L’enchaînement d'une phrase qui signifie en gros « Toutes des chaudasses qui copulent comme des juments et pire que tous les autres animaux » à une déclaration délicate et éthérée, est particulièrement osé, choquant, et bien sûr extrêmement comique ! Et je ne veux pas croire que ce comique serait involontaire. On savait rire en 1405 pas moins qu’en 2024 ! Imaginez ce texte en bande dessinée : le personnage masculin aurait une bulle de pensée avec le discours gynécologique et parfois misogyne, et une bulle de parole avec la déclaration lyrique... On comprend en tout cas très clairement que ce qui empêche le narrateur de « demeurer en paix », ce n’est pas tant de ne pas pouvoir contempler l’ « adorable face » de sa bien-aimée, que de ne pas pouvoir copuler avec elle en tout temps !


Un peu plus loin, parlant des pertes vaginales transparentes, mais désagréablement humides :

Nous avons lu que cela leur cause beaucoup de désagrément,

Parce qu’elles doivent aller et venir tout le temps

En ayant une sensation d’humidité entre leurs jambes

(v. 224-226)


Et immédiatement après :

Est-ce que cela devient trop long pour ma dame ?

Je souhaiterais, de ces contraintes

Me rendre libre avec force,

Et je souhaiterais parler un petit peu d’elle

Que j’aime plus que tout au monde.

Elle est la meilleure femme que je connaisse,

Elle est toujours dans mon esprit,

Depuis la fin jusqu’au début.

(v. 227-234)


La déclaration sur la sensation humide entre les jambes est une innovation de l’auteur néerlandais.
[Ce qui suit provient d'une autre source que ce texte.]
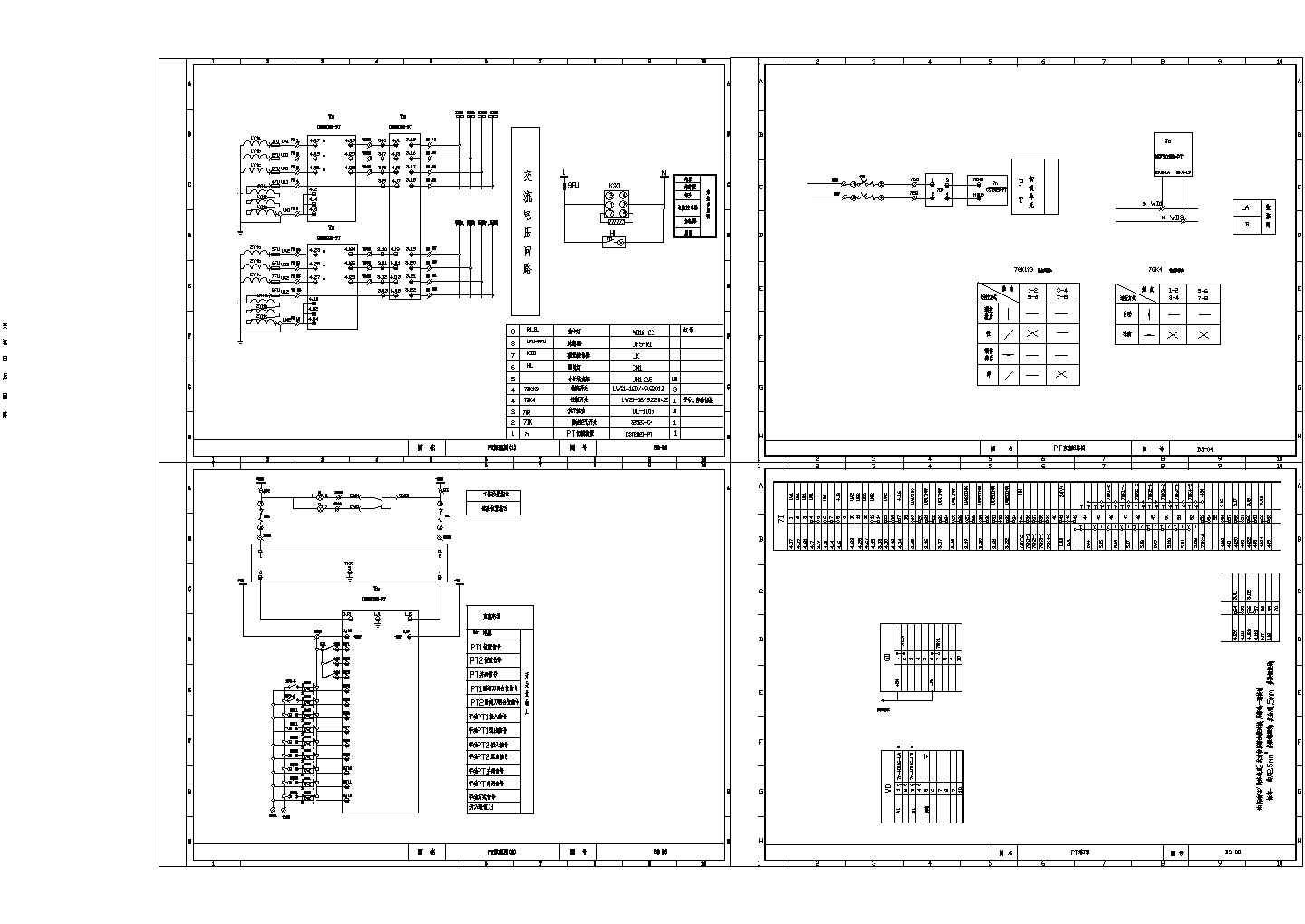 某高压系统电气设计cad图纸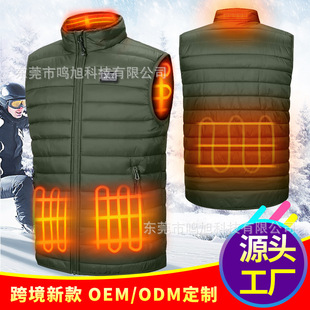 New Cross-border Heating Vest Men's and Women's Collar Heating Cotton Vest Intelligent Constant Temperature Heating Clothing Double Control Electric Heating Vest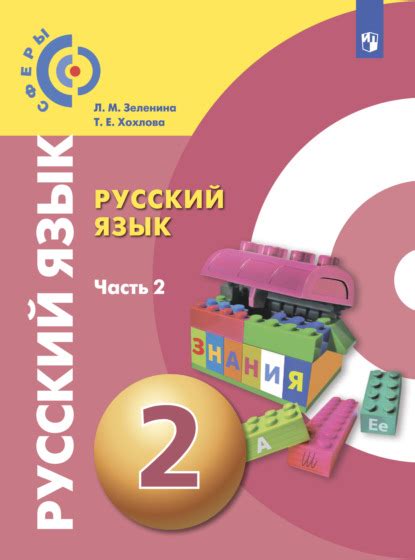 Русский язык. 2 класс. Часть 2 (Лидия Миxайловна Зеленина) – скачать в ...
Elle ne figure pas dans le texte latin original. Et je n’ai pas trouvé d’affirmation semblable dans aucun autre texte du Moyen Âge. De nombreux textes évoquent les douleurs liées aux règles (au ventre, aux lombaires, à la tête) ou la fatigue, mais aucun n’évoque la sensation désagréable d’humidité.

Là encore, l’association de ce passage avec le suivant prête à une interprétation sexuelle qu’aucun des deux n’aurait sinon. Les auteurs du Moyen Âge confondaient généralement les pertes vaginales ponctuelles, ou leucorrhées, avec les sécrétions vaginales produite lors du plaisir sexuel (la plupart interprétaient ces liquides comme des menstrues « blanchies », et certains en faisaient une semence féminine, qui doit se mêler au sperme masculin pour concevoir un enfant). Donc, il n’est pas difficile de comprendre à quoi pensait l’auteur et à quoi il voulait faire penser les lecteurs en parlant de cette substance humide entre les jambes des femmes, juste avant d’embrayer sur la femme qu’il aime le plus au monde et dont il voudrait nous parler.


À un autre endroit :

Comme est-il possible qu’elle se retienne

Et qu’elle n’offre pas de réconfort à mon cœur

Quand tout ce à quoi je pense, c’est ma chère dame.

Ma dévotion deviendra manifeste,

Dévotion que je lui déclare maintenant en secret.

(v. 1522-1526)


L’auteur semble continuer sur le même ton au vers suivant :

Mon cher amour, je te dirai…

Mais non, désappointement !


Mon cher amour, je te dirai

Quelque chose de plus à propos de la menstruation.

(v. 1527-1528)


J’imagine bien la dame : Oh oui, mon chéri ! Parle-moi encore de menstruation !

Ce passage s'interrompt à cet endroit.